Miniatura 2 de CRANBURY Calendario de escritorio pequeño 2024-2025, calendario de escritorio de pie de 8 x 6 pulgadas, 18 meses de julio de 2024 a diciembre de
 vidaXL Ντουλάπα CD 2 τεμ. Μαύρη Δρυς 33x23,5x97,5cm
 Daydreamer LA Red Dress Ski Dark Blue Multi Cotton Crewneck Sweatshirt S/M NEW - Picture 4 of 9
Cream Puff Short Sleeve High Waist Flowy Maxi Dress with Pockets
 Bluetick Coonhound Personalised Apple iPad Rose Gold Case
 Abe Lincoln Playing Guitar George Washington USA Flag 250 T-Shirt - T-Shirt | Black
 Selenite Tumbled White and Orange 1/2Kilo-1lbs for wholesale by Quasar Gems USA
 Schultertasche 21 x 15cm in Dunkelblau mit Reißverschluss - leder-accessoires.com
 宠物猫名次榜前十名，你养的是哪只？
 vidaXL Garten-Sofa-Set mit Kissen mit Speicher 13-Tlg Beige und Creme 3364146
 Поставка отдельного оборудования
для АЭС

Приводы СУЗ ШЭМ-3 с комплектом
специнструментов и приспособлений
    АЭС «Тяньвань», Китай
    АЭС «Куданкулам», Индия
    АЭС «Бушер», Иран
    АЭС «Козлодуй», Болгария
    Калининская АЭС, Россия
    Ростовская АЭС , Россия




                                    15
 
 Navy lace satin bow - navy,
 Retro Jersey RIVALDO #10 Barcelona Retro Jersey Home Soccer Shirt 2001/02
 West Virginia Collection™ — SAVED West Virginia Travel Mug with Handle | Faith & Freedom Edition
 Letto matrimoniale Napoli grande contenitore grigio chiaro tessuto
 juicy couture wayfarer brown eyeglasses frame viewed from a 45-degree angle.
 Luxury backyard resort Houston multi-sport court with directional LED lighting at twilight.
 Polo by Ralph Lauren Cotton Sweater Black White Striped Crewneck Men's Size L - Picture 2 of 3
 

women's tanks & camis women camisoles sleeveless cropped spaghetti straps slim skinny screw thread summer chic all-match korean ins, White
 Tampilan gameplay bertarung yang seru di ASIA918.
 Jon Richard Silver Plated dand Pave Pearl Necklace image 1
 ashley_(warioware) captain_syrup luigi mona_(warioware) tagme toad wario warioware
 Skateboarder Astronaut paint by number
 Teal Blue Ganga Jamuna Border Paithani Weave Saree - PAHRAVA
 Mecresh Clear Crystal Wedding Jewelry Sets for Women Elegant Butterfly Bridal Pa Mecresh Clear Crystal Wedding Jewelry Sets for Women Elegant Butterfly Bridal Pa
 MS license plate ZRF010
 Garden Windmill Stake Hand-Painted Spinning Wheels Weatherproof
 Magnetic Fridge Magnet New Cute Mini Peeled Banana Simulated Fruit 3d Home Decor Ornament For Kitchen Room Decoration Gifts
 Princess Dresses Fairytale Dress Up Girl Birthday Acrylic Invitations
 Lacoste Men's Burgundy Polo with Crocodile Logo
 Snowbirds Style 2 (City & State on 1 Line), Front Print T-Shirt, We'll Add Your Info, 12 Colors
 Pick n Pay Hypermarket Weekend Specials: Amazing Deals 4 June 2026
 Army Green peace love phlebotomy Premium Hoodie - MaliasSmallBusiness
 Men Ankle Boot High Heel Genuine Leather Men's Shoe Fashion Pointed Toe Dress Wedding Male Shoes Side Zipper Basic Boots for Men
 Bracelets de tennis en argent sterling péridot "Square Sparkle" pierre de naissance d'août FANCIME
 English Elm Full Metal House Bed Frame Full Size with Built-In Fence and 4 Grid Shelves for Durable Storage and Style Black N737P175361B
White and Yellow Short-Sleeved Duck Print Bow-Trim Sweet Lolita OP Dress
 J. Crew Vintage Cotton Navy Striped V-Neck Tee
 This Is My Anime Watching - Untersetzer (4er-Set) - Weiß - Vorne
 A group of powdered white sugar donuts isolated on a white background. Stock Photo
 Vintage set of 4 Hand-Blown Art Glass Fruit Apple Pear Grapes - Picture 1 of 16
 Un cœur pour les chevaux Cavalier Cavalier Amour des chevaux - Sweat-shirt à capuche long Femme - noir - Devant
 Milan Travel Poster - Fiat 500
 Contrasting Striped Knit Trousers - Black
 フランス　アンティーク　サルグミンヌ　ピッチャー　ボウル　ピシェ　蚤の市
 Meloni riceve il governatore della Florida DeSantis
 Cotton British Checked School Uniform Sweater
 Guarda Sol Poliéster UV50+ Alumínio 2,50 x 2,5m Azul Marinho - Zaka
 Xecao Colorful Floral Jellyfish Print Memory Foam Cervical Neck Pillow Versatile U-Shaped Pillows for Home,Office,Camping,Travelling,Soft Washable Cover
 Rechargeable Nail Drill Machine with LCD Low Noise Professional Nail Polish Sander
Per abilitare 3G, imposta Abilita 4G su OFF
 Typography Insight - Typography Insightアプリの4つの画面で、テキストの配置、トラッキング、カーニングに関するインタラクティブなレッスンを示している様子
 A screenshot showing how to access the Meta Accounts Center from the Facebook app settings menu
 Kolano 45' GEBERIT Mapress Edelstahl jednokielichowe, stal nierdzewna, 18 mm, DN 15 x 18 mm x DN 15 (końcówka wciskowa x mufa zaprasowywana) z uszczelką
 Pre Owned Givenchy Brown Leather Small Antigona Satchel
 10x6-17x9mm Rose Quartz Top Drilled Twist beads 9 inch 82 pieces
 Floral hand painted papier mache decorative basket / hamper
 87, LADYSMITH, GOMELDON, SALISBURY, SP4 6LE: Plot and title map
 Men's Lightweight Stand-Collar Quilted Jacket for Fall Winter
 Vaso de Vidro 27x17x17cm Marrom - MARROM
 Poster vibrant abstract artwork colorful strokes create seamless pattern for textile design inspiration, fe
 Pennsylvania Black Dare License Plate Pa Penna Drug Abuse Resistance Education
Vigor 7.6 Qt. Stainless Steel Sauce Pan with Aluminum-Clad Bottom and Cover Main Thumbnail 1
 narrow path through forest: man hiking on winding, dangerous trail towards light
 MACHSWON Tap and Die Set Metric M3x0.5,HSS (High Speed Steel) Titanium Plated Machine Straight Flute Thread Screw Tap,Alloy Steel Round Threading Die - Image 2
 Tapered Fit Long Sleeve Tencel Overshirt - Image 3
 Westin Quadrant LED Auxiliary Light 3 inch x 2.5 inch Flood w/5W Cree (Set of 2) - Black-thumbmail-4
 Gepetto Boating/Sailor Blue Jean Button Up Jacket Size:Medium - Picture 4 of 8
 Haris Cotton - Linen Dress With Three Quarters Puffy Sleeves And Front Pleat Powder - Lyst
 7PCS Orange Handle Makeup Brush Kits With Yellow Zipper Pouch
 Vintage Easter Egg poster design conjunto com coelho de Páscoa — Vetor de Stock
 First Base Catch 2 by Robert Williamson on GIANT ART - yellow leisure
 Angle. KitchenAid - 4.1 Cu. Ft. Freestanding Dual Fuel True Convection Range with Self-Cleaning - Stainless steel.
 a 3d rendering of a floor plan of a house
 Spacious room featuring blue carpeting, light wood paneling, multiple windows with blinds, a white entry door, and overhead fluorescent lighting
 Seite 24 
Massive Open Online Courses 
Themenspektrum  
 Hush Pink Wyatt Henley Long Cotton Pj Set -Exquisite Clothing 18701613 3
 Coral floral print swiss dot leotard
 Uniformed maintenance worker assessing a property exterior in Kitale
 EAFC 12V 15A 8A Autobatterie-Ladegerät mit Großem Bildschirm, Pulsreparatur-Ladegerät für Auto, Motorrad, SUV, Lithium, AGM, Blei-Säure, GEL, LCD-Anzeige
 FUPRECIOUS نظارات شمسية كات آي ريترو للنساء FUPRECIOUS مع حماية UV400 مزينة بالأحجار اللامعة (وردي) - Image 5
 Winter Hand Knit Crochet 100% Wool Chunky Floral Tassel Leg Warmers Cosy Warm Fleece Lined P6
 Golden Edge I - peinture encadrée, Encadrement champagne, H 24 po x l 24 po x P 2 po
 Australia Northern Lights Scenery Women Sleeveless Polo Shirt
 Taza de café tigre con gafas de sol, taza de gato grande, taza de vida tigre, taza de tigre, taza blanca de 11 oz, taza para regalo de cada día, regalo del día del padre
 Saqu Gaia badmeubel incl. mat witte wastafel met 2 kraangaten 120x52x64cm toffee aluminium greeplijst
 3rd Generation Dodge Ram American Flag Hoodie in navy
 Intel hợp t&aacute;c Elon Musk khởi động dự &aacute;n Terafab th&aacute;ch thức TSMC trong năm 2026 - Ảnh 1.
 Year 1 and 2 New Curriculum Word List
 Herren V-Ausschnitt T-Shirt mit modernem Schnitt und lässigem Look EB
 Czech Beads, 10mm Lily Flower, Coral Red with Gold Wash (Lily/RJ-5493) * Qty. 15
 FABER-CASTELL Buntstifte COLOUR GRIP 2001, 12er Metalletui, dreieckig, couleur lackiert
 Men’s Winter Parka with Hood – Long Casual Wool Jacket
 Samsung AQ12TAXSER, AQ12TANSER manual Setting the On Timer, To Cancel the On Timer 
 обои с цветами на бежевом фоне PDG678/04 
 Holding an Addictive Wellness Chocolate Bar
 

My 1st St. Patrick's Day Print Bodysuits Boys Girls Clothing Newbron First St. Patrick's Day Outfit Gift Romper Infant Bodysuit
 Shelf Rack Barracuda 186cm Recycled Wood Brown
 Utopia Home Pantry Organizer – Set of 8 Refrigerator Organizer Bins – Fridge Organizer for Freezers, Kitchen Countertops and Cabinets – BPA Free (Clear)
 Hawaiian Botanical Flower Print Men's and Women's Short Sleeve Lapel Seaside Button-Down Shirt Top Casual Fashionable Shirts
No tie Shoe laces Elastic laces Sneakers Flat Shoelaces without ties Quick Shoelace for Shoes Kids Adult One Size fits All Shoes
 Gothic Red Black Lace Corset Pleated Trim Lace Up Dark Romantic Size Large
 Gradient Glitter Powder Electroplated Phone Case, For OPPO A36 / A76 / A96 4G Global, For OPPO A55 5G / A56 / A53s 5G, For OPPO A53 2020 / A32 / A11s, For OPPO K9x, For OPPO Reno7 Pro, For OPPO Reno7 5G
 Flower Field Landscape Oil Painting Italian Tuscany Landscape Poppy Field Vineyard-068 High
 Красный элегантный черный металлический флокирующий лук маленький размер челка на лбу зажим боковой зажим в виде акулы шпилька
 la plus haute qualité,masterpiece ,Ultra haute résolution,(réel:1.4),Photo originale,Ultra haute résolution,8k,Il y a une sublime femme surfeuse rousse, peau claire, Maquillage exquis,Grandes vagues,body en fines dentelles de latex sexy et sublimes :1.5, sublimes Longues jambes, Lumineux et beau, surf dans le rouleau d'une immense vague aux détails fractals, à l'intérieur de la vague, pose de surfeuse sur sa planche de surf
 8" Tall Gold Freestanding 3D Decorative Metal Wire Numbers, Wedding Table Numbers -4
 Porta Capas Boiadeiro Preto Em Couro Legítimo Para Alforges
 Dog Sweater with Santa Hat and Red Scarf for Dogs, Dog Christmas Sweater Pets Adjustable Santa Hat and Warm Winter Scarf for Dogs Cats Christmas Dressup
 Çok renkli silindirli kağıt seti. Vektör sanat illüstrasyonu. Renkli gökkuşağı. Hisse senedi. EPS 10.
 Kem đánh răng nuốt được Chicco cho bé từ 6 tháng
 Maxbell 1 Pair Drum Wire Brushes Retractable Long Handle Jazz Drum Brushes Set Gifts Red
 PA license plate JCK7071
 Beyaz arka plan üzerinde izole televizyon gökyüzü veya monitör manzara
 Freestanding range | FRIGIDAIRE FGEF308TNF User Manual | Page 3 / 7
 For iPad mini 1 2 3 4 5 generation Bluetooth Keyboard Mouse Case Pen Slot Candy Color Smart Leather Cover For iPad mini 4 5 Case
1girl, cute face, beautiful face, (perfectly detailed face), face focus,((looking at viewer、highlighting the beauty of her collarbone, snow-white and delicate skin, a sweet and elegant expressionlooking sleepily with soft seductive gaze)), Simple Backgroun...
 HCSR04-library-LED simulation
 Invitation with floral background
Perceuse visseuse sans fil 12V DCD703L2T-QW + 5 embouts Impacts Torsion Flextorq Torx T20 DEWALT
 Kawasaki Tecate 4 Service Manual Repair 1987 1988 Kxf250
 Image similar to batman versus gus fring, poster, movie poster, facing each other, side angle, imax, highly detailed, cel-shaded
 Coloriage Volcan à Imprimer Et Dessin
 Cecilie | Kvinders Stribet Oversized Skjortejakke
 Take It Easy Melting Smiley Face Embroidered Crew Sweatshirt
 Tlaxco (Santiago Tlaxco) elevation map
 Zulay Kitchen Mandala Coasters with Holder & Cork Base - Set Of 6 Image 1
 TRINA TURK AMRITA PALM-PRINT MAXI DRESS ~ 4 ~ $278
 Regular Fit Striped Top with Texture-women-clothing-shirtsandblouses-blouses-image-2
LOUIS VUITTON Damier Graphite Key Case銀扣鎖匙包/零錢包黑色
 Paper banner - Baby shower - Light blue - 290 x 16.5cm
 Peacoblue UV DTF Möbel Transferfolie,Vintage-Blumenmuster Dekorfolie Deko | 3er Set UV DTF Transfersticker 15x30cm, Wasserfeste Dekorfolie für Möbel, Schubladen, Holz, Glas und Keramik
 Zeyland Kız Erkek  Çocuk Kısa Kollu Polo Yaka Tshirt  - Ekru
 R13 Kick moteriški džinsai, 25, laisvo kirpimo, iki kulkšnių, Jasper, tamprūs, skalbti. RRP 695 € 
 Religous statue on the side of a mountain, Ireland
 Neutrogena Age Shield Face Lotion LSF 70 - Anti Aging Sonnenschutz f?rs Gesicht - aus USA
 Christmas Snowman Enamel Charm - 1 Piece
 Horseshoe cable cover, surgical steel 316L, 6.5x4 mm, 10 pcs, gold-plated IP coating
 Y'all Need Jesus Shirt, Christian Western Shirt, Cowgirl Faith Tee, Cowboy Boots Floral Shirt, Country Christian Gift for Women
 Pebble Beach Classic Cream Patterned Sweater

※ ※ ※

What to do
Within the listing above, locate the line containing "Pennsylvania Black Dare" and the line containing "Gepetto Boating/Sailor Blue". Reproduce those two lines and all lines between them exactly, with nothing added.

Final answer
 Pennsylvania Black Dare License Plate Pa Penna Drug Abuse Resistance Education
Vigor 7.6 Qt. Stainless Steel Sauce Pan with Aluminum-Clad Bottom and Cover Main Thumbnail 1
 narrow path through forest: man hiking on winding, dangerous trail towards light
 MACHSWON Tap and Die Set Metric M3x0.5,HSS (High Speed Steel) Titanium Plated Machine Straight Flute Thread Screw Tap,Alloy Steel Round Threading Die - Image 2
 Tapered Fit Long Sleeve Tencel Overshirt - Image 3
 Westin Quadrant LED Auxiliary Light 3 inch x 2.5 inch Flood w/5W Cree (Set of 2) - Black-thumbmail-4
 Gepetto Boating/Sailor Blue Jean Button Up Jacket Size:Medium - Picture 4 of 8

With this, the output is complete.